Renoir, Degas, Chagall, Matisse, Monet, Toulouse-Lautrec… C’est un véritable musée privé, à forte dominante impressionniste, qui dormait (avant d'être saisi en février 2012) au 42 de l’avenue Foch, dans les beaux quartiers de Paris, où réside le dignitaire guinéen quand il vient en France. Deuxième personnage de l’État, Teodorin Obiang est le fils du président guinéen en exercice depuis 1979, arrivé au pouvoir après un coup d’État et réélu à chaque “élection” avec plus de 95 % des voix.
Âgé de 45 ans, Teodorin Obiang cumule aujourd’hui les fonctions de ministre de la défense et de la sécurité de l’État, après avoir été celui de l’agriculture, un poste qu’il a utilisé pour faire fortune grâce à l’exploitation du bois, l’une des richesses naturelles guinéennes.
Le travail des policiers de l’Office central pour la répression de la grande délinquance financière (OCRGDF) a permis de dresser un inventaire précis de treize tableaux de maîtres acquis en 2008 et 2009 par Teodorin Obiang, à la faveur de ventes aux enchères de la maison Christie’s aux quatre coins du monde. En voici le détail, selon les éléments recueillis par Mediapart.
La première vente a eu lieu le 6 mai 2008, à New York.

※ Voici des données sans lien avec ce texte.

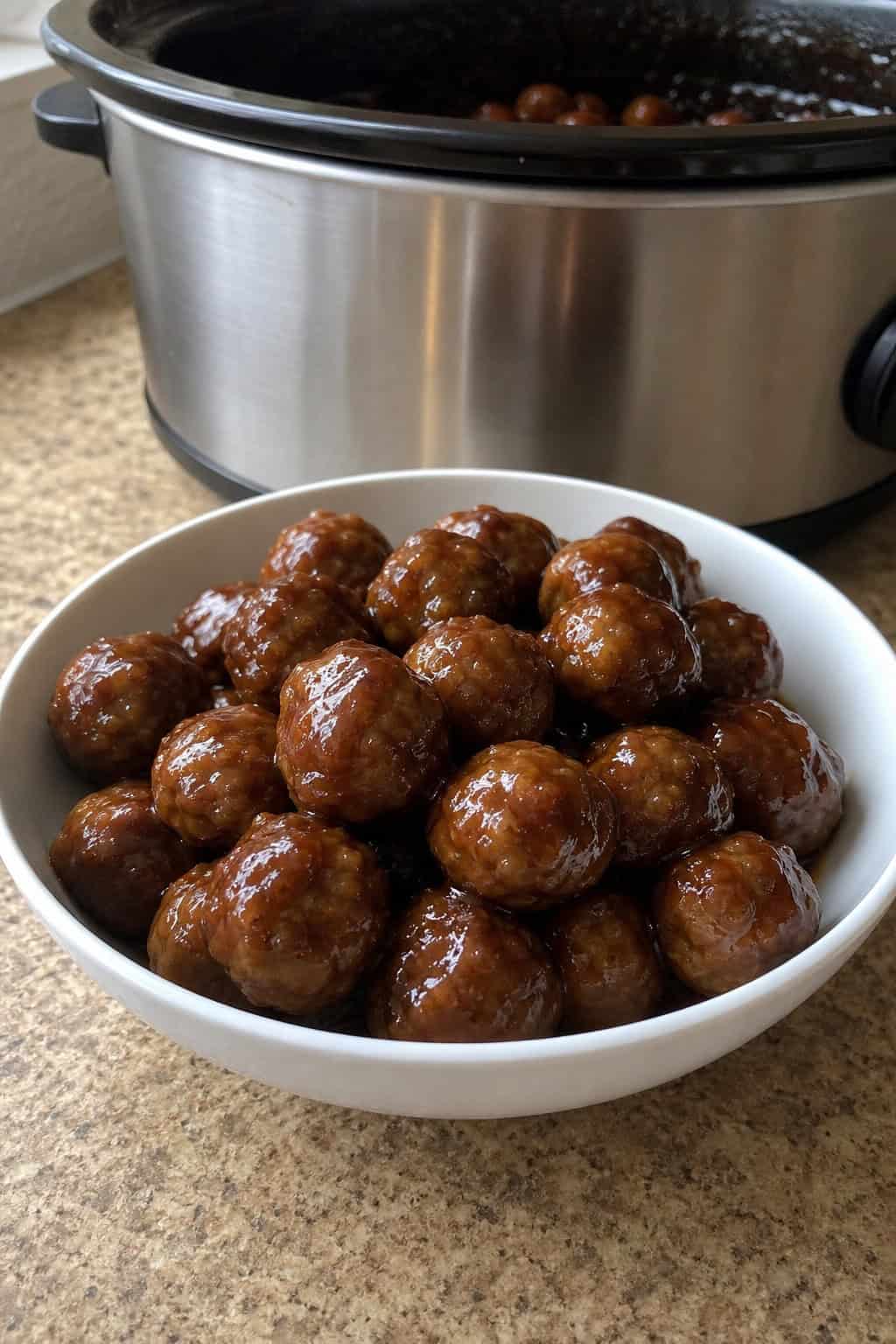 A bowl of honey garlic meatballs on a wooden table with fresh herbs, garlic, and a slow cooker in the background.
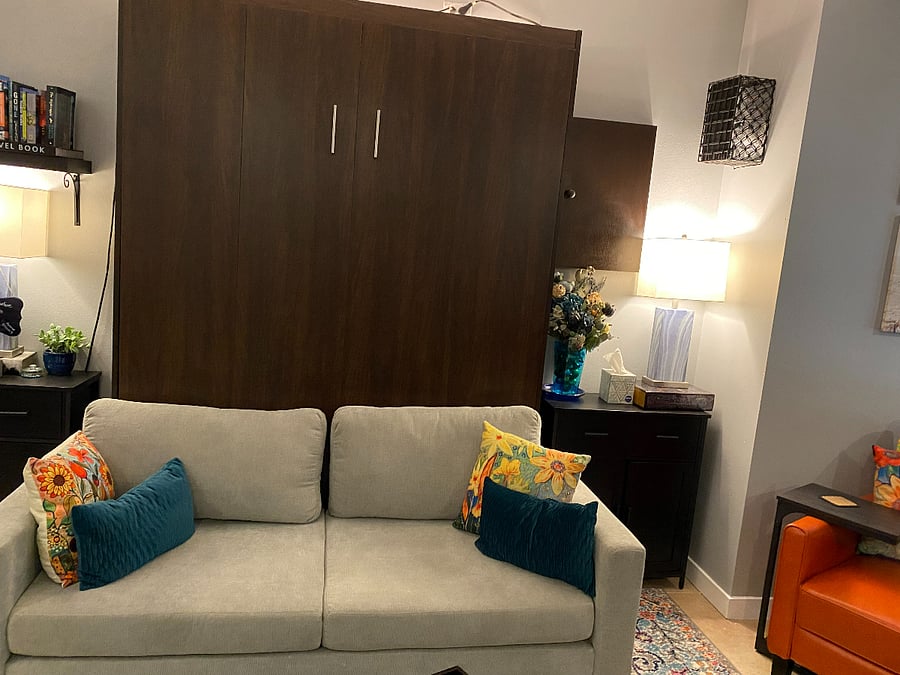 Couch in front of Queen Murphy Bed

Ce jour-là, Teodorin Obiang achète cinq toiles pour 27 890 000 dollars :
- Au théâtre, la loge, de Pierre-Auguste Renoir (6 089 000 dollars).
- Les Trois Danseuses, d’Edgar Degas (4 297 000 dollars).
- Te Fare Hymenee (La Maison des chants), de Paul Gauguin (8 441 000 dollars).
- La Danseuse, de Henri Matisse (8 441 000 dollars).
- La Jeune Femme peignant, de Pierre Bonnard (601 000 dollars).
Grâce aux éléments bancaires transmis par Christie’s, les policiers ont pu constater que les 27 869 000 dollars déboursés ont été versés depuis un compte, ouvert à la banque JP Morgan Chase de New York au nom de la « présidence » de Guinée-Équatoriale. Le virement a transité en France par le groupe Natexis/Banques populaires, comme le montre le bordereau bancaire ci-dessous :
La deuxième vente Christie’s a eu lieu le même jour, le 6 mai 2008, à Paris cette fois-ci. Ce jour-là, il n’est pas question de peinture mais de sculpture. Le vice-président guinéen s’offre deux bronzes de Rodin pour un total de 2,3 millions de dollars, dont le délicat Frère et Sœur, « un témoignage de l’artiste de sa passion pour Camille Claudel », d’après le catalogue de l’hôtel des ventes.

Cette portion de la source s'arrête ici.